I was able to get 0 out of int_in_range(1..=i32::MAX), which is less than the minimum specified value of 1!

Here's what I think is happening in int_in_range_impl:

  • Suppose when we mod our result we get i32::MAX - 1
  • We then do a wrapping_add of start (1) to give i32::MAX
  • T::from_widest then internally mods by i32::MAX to give 0

I'm not too sure of the general fix here, but I worked around this issue by instead using int_in_range(0..=i32::MAX - 1) + 1.

Thanks for filing an issue and including details. Definitely something we should fix!

Would be nice to get a concrete input such that calling u.int_in_range(...) returns an out-of-range int, if anyone has time to make a reproducer.

EDIT: Ah, sorry, I just realized that this is probably useless out of context, because I have other lines that will be consuming data from the same source.

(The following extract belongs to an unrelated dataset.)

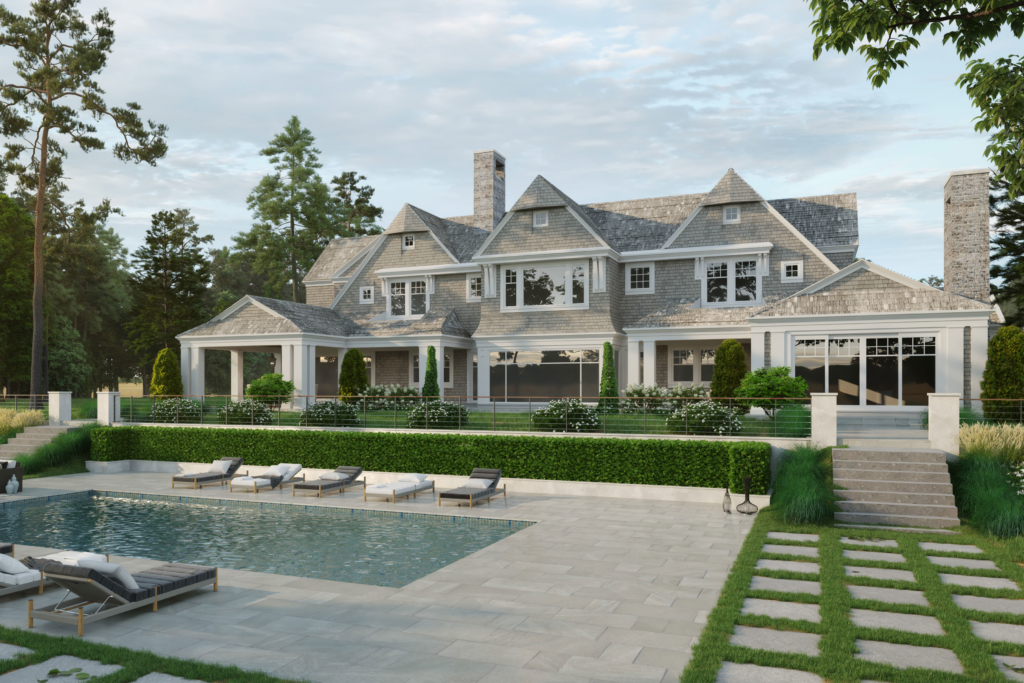 52 Dublin Hill Drive SBP HOMES Custom Home Listings Real Estate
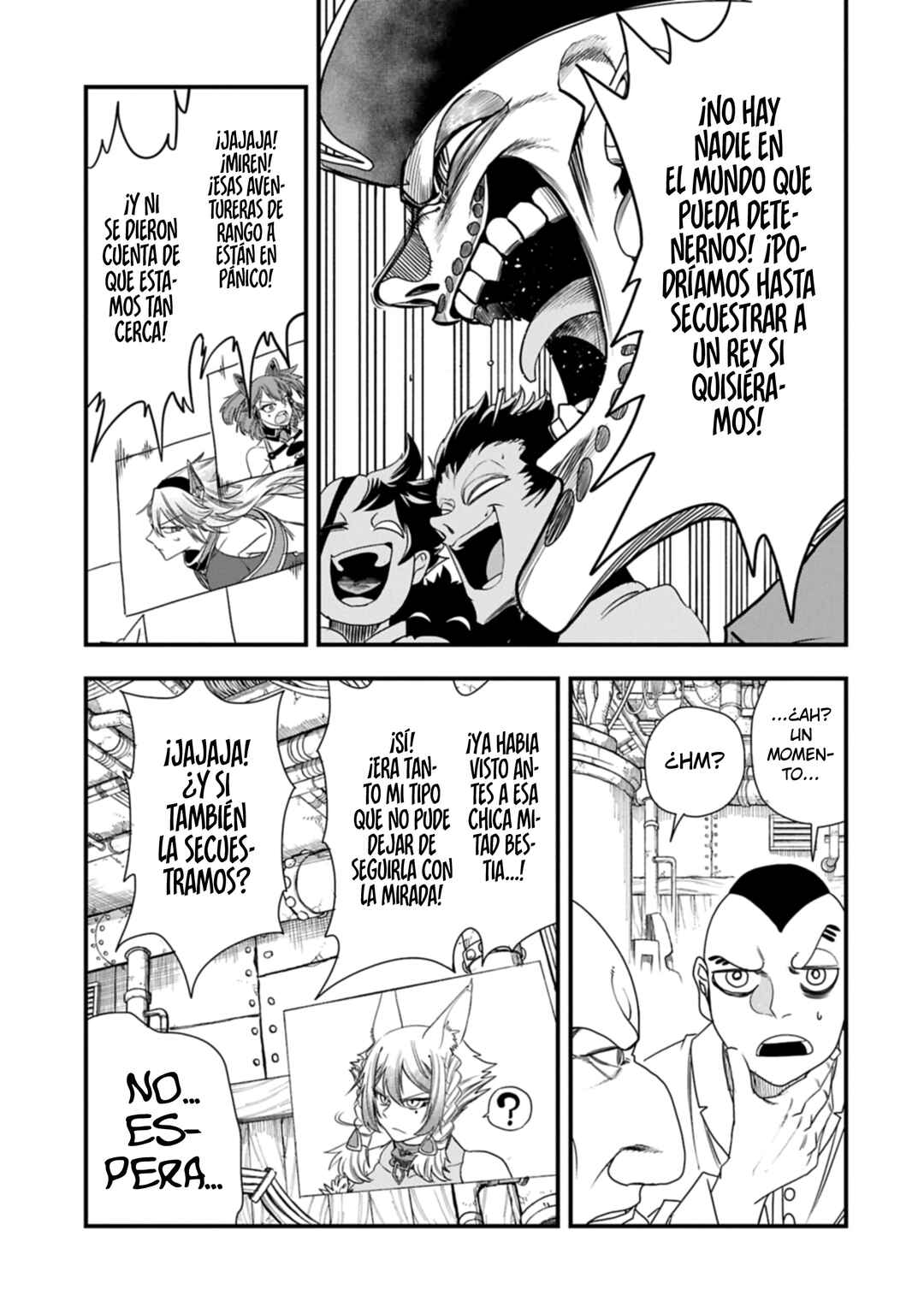 Umareta Chokugo ni Suterareta kedo, Zense ga Daikenja Datta node Yoyuu de Ikitemasu ~Saikyou Akachan Daibousou~ Chapter 57 - Page 15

Leaving this here in the hope of being able to update with an actual minimal repro...

I just ran this:

// ...
            outer_range: u.int_in_range(0u8..=2)?..u.int_in_range(253..=255)?,
// ...

And ended up with this:

// ...
	    outer_range: 0..0,
// ...

I was glancing through open issues and saw this and thought it ought to be easy to write a unit test for. And it is! Here's one that fails on master:

    #[test]
    fn int_in_range_overflow() {
        let mut u = Unstructured::new(&[254]);
        let x = u.int_in_range(1..=u8::MAX).unwrap();
        assert!(x != 0);
    }

I found that by writing a loop to exhaustively try every 1-byte input to Unstructured::new. I've done zero root-cause analysis so I have no idea why this fails, but I hope this helps.